Otra observación del Ejecutivo y de las propias empresas, cuestiona que las comunidades andinas sean pueblos indígenas. Además el Estado
peruano, según esta observación pretende reservarse la identificación de quiénes son los pueblos indígenas en contra de lo que señala
expresamente el propio Convenio 169 de la OIT. Este tipo de observaciones representan un peligroso retroceso que afectan las relaciones
entre el Estado peruano y los pueblos indígenas. La Coordinadora Nacional de Derechos Humanos del Perú ha señalado su rechazo a las
observaciones presentadas y espera que se implemente “una Ley de Consulta Previa que respete los derechos de los pueblos indígenas,
vigentes en la Constitución del Perú y en el Convenio 169 de la OIT”. En la actualidad el proceso se encuentra entrampado.

Algunas reflexiones finales sobre el marco legal e institucional vinculado a la actividad minera

Los conflictos sociales vinculados a la minería son una clara muestra que el andamiaje legal e institucional construido para la expansión y el
funcionamiento de la minería en las dos últimas décadas, está agotado. El funcionamiento del modelo extractivista minero viene afectando
derechos económicos, sociales, culturales y ambientales y produce una alta conflictividad. Esta es una tendencia de características globales y
no es algo que solamente ocurra en el Perú.
Pese a algunos intentos de reformas el modelo mantiene los pilares fundamentales. Un marco legal e institucional muy favorable para atraer
inversiones y que al mismo tiempo recorta derechos de las poblaciones vecinas. Pese a algunos intentos de reformas en el terreno ambiental
y social, los avances han sido tibios y en la actualidad vienen siendo desmontados.

Es el caso de la institucionalidad ambiental: el Ministerio del Ambiente, el Organismo del Evaluación y Fiscalización Ambiental, el Servicio
Nacional de Certificación Ambiental, entre otros organismos, siguen perdiendo facultades y se convierten en instancias cada vez más débiles.
Además y para beneplácito de las empresas extractivas, la gestión ambiental en el Perú sigue siendo profundamente sectorial: cada ministerio
es en realidad la autoridad ambiental de su respectivo sector.

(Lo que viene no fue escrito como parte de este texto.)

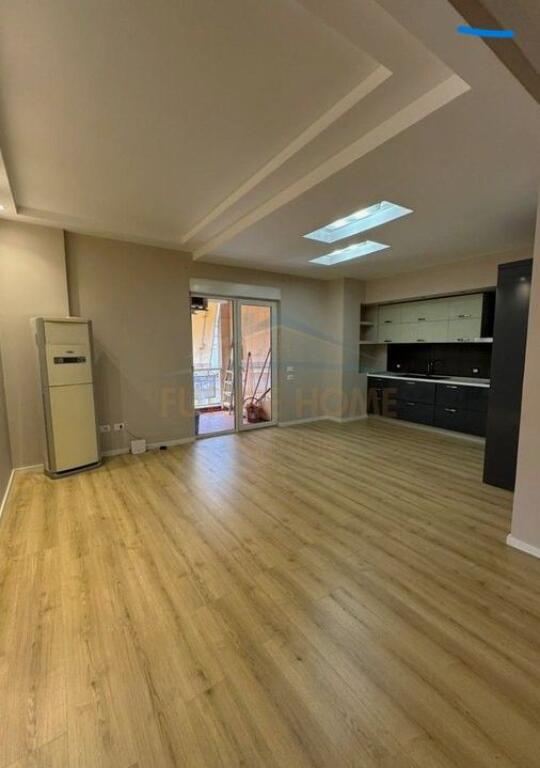 Shitet Apartament 2+1 – Oxhaku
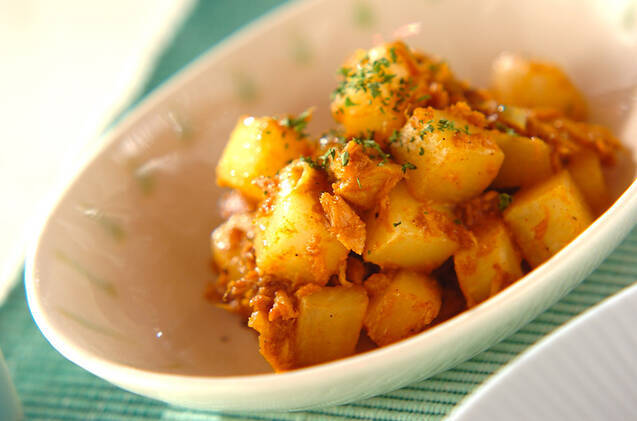 模様入りの長皿に盛りつけられている大根とツナ缶とカレー炒め煮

En el terreno social y el derecho a la consulta y a la participación ciudadana, los avances no solamente han sido limitados sino que también se
perciben retrocesos: luego de la aprobación de la ley de consulta previa, libre e informada, en agosto de 2011, el balance es preocupante: hasta
el momento no se ha realizado una sola consulta en zonas de influencia de proyectos mineros. Además, una reciente investigación demuestra
que el gobierno peruano no quiere revelar la lista completa de comunidades y descubre que más del 60% de las comunidades inscritas en la
nómina se ubica en territorios quechua con derecho a la consulta previa. “En ese tiempo el Ministerio de Energía y Minas autorizó la operación
de 25 compañías mineras sin el citado proceso de diálogo”.

Lo cierto es que la situación de la minería y su funcionamiento en países como el Perú muestran problemas graves de gobernabilidad: los
actores económicos -empresas, inversionistas y los propios Estados- pretenden ir más allá de la capacidad que tiene la sociedad de controlar
y regular estas inversiones en función del bien común. Uno de los retos claves es precisamente recuperar gobernabilidad, sobre todo
gobernabilidad democrática y eso implica hablar de procesos de transiciones y la construcción de nuevos escenarios que permitan recuperar
equilibrios sociales, ambientales, económicos y también culturales.